== Exercise data

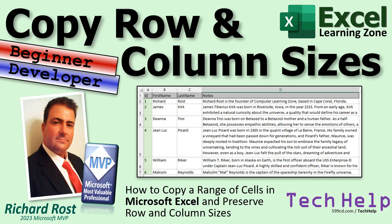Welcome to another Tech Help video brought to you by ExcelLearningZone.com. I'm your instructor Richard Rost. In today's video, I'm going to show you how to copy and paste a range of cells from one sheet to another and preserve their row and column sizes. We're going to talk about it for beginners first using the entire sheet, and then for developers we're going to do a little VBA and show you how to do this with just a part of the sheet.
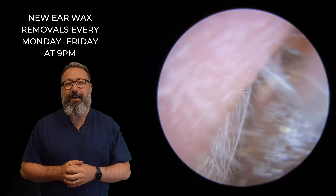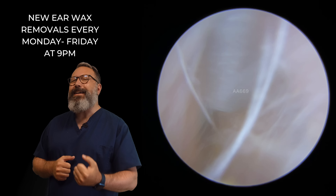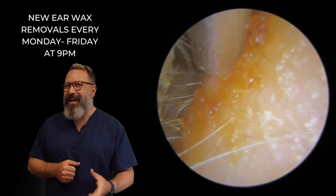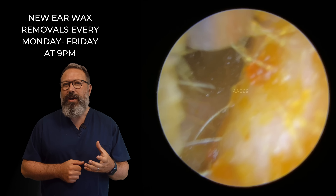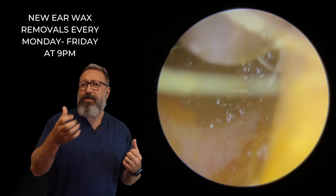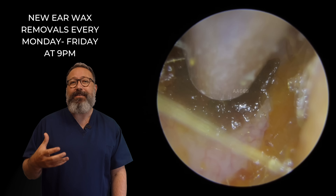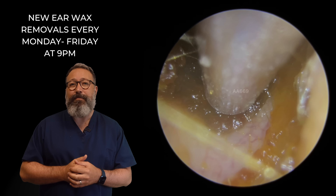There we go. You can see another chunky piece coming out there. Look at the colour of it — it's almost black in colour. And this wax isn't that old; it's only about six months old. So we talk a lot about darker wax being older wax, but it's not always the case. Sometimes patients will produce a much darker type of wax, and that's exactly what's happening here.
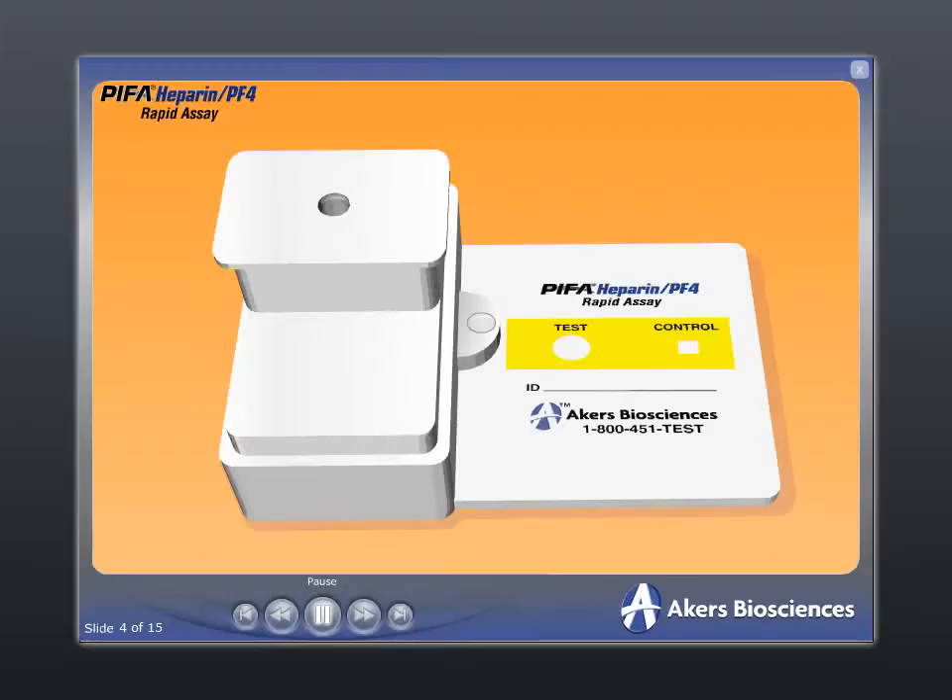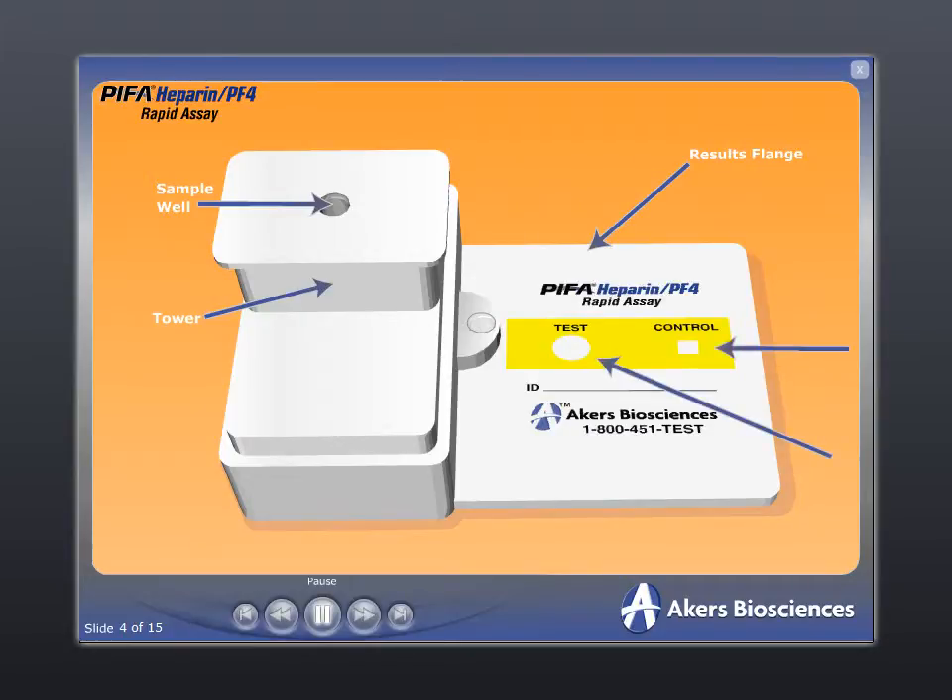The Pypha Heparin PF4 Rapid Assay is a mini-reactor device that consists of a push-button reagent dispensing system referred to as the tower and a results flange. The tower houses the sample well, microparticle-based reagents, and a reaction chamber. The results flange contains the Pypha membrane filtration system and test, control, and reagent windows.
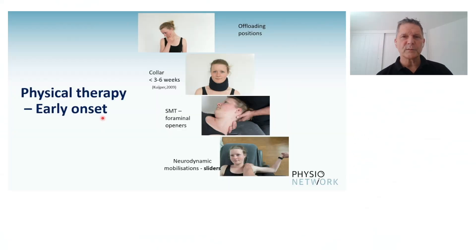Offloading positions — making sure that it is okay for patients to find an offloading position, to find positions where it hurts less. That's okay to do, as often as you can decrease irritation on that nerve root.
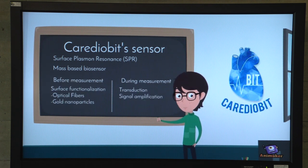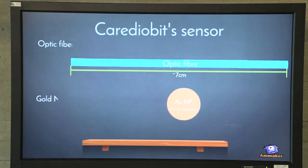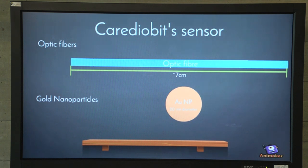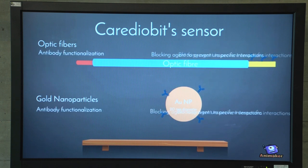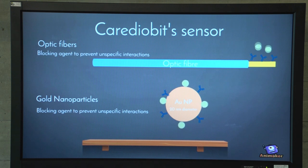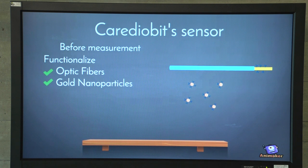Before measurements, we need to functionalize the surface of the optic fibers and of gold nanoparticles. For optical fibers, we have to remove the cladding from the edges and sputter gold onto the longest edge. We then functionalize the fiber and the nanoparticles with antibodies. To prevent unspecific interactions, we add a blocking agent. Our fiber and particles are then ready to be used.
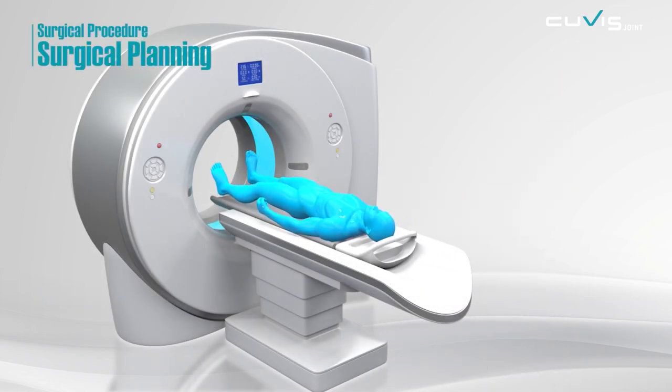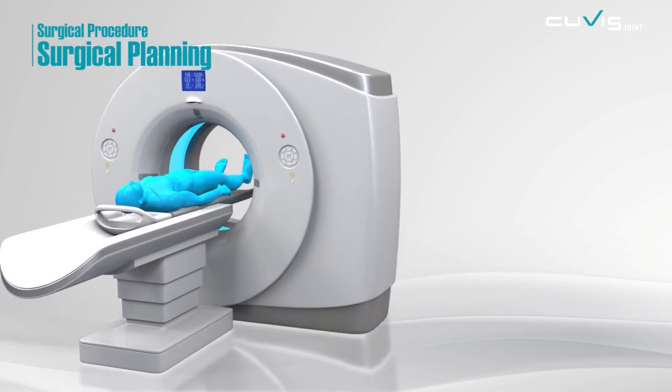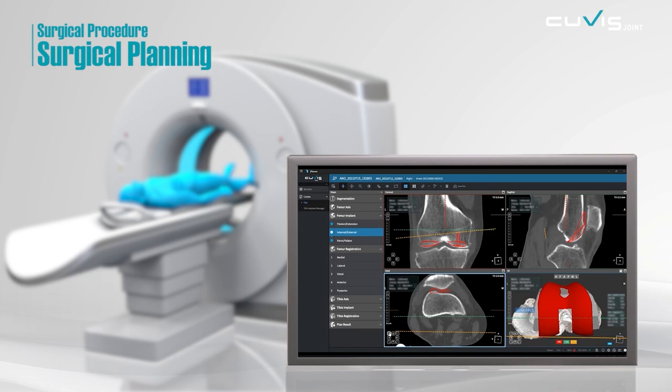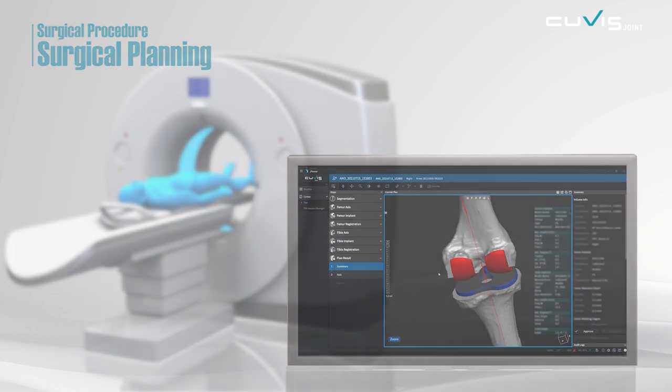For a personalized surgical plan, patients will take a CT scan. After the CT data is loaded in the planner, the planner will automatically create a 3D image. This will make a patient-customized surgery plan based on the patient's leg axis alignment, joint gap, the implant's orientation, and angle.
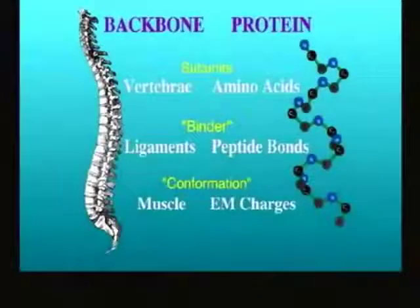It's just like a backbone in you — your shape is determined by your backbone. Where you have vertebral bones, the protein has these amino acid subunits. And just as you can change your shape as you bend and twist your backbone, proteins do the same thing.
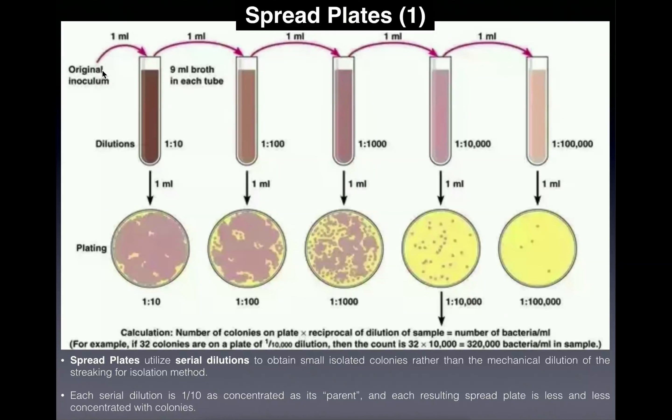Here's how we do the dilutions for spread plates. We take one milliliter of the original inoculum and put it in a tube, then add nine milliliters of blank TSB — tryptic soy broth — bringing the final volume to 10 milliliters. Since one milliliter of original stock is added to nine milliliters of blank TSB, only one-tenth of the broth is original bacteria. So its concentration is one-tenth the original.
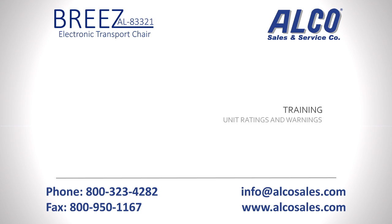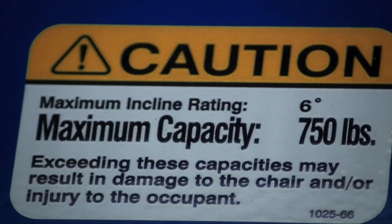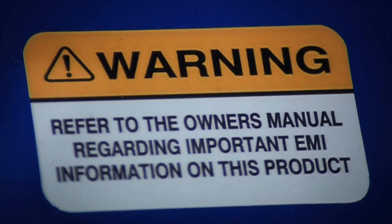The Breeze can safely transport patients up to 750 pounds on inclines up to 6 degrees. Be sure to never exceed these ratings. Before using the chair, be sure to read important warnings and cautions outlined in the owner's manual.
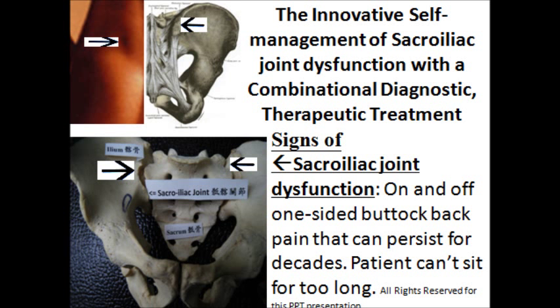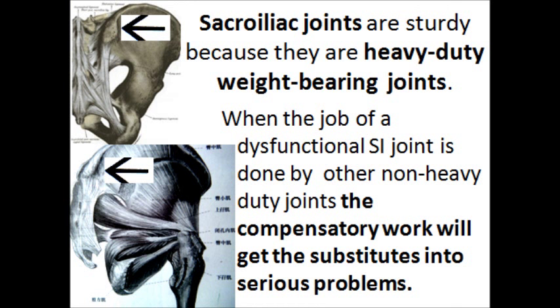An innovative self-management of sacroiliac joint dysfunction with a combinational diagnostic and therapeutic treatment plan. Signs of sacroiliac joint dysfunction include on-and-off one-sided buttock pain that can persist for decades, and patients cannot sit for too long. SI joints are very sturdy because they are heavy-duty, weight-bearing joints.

====

**Required work:** With the pictures omitted, print each line of the data above precisely as given.

**Task output:**
Welcome to another Tech Help video brought to you by ExcelLearningZone.com. I'm your instructor Richard Rost. In today's video, I'm going to show you how to copy and paste a range of cells from one sheet to another and preserve their row and column sizes. We're going to talk about it for beginners first using the entire sheet, and then for developers we're going to do a little VBA and show you how to do this with just a part of the sheet.
There we go. You can see another chunky piece coming out there. Look at the colour of it — it's almost black in colour. And this wax isn't that old; it's only about six months old. So we talk a lot about darker wax being older wax, but it's not always the case. Sometimes patients will produce a much darker type of wax, and that's exactly what's happening here.
The Pypha Heparin PF4 Rapid Assay is a mini-reactor device that consists of a push-button reagent dispensing system referred to as the tower and a results flange. The tower houses the sample well, microparticle-based reagents, and a reaction chamber. The results flange contains the Pypha membrane filtration system and test, control, and reagent windows.
Offloading positions — making sure that it is okay for patients to find an offloading position, to find positions where it hurts less. That's okay to do, as often as you can decrease irritation on that nerve root.
Before measurements, we need to functionalize the surface of the optic fibers and of gold nanoparticles. For optical fibers, we have to remove the cladding from the edges and sputter gold onto the longest edge. We then functionalize the fiber and the nanoparticles with antibodies. To prevent unspecific interactions, we add a blocking agent. Our fiber and particles are then ready to be used.
For a personalized surgical plan, patients will take a CT scan. After the CT data is loaded in the planner, the planner will automatically create a 3D image. This will make a patient-customized surgery plan based on the patient's leg axis alignment, joint gap, the implant's orientation, and angle.
It's just like a backbone in you — your shape is determined by your backbone. Where you have vertebral bones, the protein has these amino acid subunits. And just as you can change your shape as you bend and twist your backbone, proteins do the same thing.
Here's how we do the dilutions for spread plates. We take one milliliter of the original inoculum and put it in a tube, then add nine milliliters of blank TSB — tryptic soy broth — bringing the final volume to 10 milliliters. Since one milliliter of original stock is added to nine milliliters of blank TSB, only one-tenth of the broth is original bacteria. So its concentration is one-tenth the original.
The Breeze can safely transport patients up to 750 pounds on inclines up to 6 degrees. Be sure to never exceed these ratings. Before using the chair, be sure to read important warnings and cautions outlined in the owner's manual.
An innovative self-management of sacroiliac joint dysfunction with a combinational diagnostic and therapeutic treatment plan. Signs of sacroiliac joint dysfunction include on-and-off one-sided buttock pain that can persist for decades, and patients cannot sit for too long. SI joints are very sturdy because they are heavy-duty, weight-bearing joints.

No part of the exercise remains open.